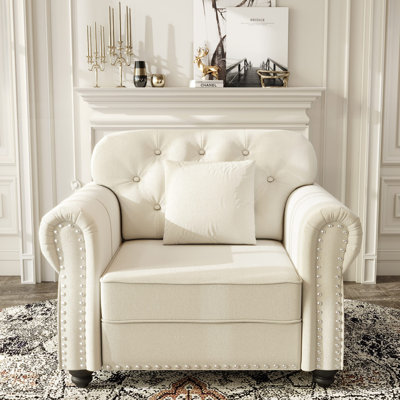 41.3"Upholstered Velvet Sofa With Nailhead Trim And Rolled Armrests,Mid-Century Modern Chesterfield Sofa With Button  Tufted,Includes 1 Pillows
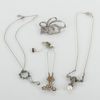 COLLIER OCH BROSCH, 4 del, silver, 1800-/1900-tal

==

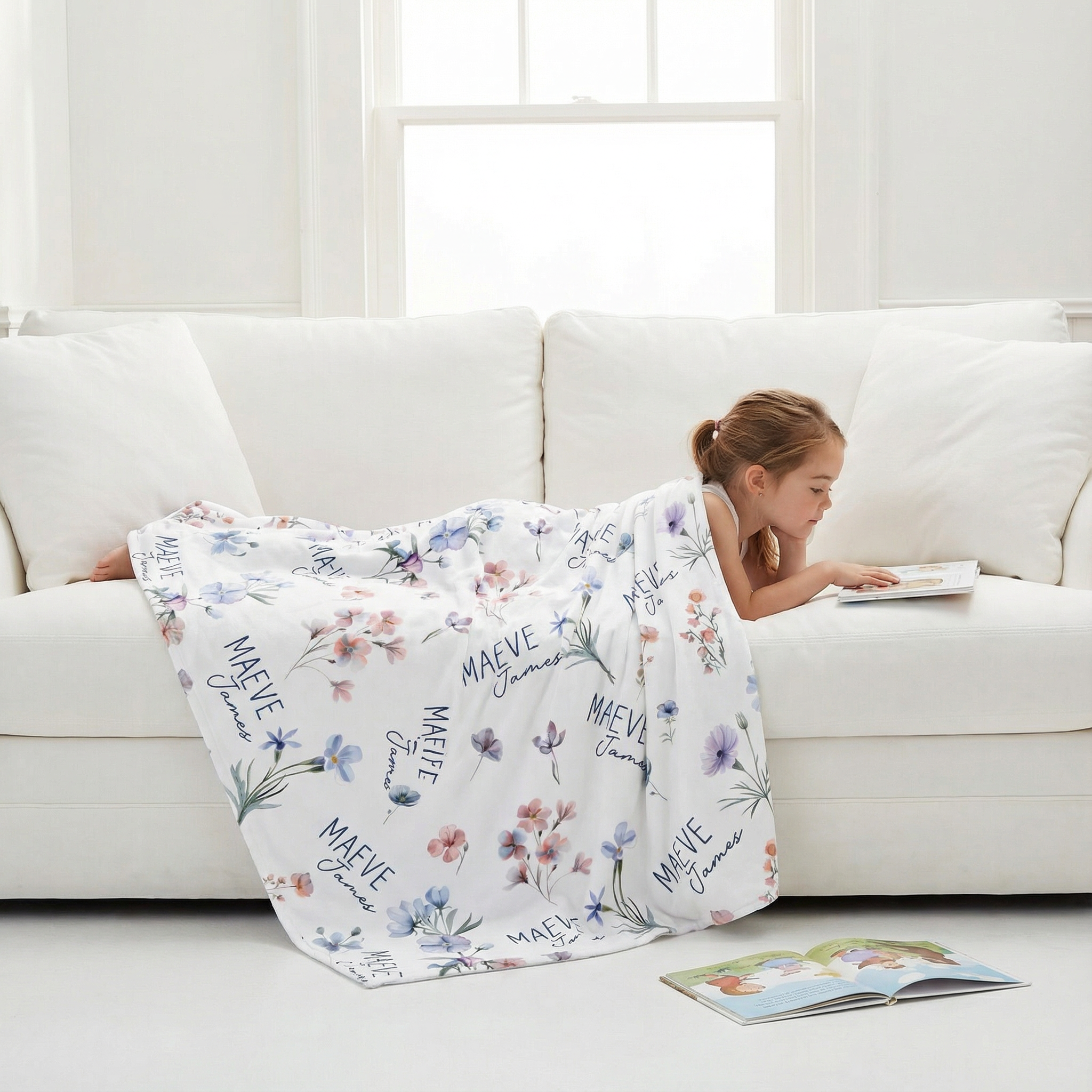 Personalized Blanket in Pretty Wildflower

==

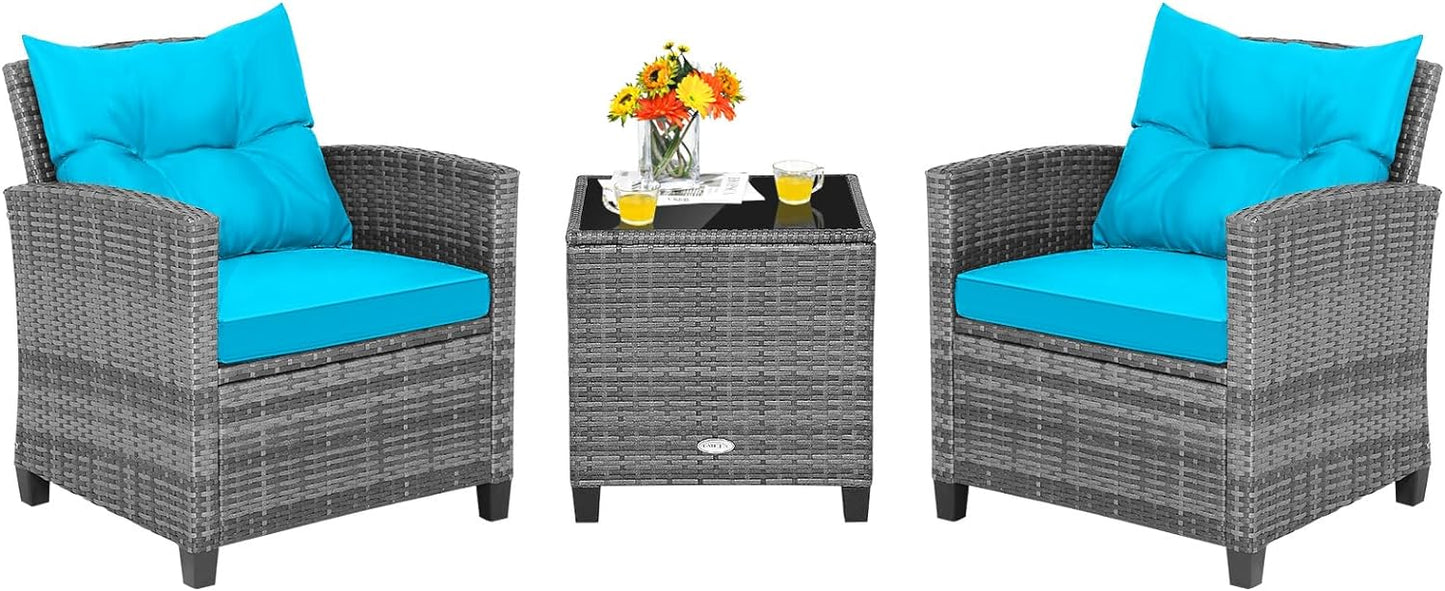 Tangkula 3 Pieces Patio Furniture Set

Required work: Within the listing above, the lines from the one with "Tufted,Includes 1 Pillows" through the one with "COLLIER OCH BROSCH, 4" are to be given again word for word. Do not include pictures.

Written solution:
 41.3"Upholstered Velvet Sofa With Nailhead Trim And Rolled Armrests,Mid-Century Modern Chesterfield Sofa With Button  Tufted,Includes 1 Pillows
 COLLIER OCH BROSCH, 4 del, silver, 1800-/1900-tal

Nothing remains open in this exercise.